Commvault Kubernetes Backup Failure - Worker Pod Creation Failed Due to Pod Security Admission Policy Violation in Namespace

book

Article ID: 415616

calendar_today

Updated On:

Products

VMware vSphere Kubernetes Service

Issue/Introduction

During a Commvault backup, a worker pod failed to be created for the prometheus deployment in a namespace, leading to backup failure.
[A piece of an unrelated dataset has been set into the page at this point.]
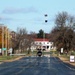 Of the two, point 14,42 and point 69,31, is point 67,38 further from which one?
point 14,42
Commvault logs indicated:

  • Failed to create PVC from snapshot: K8sApp::CreateVolsFromSnapshot() - Attempting to create PVC [<YOUR_NAMESPACE>][prometheus-pvc-prometheus-cv-<>] from snapshot
  • Worker pod not found after creation attempt: K8sApp::CreateTARWorker() - Failed to fetch Pod failure reason. ... App not found. [Kind : Pod][Namespace : <YOUR_NAMESPACE>][Name: prometheus-pvc-prometheus-cv-<>]
  • Cleanup of PVC and snapshot after failure.
  • Backup job fails: VSBkpWorker::BackupVMFileCollection() - Failed to open file collection object.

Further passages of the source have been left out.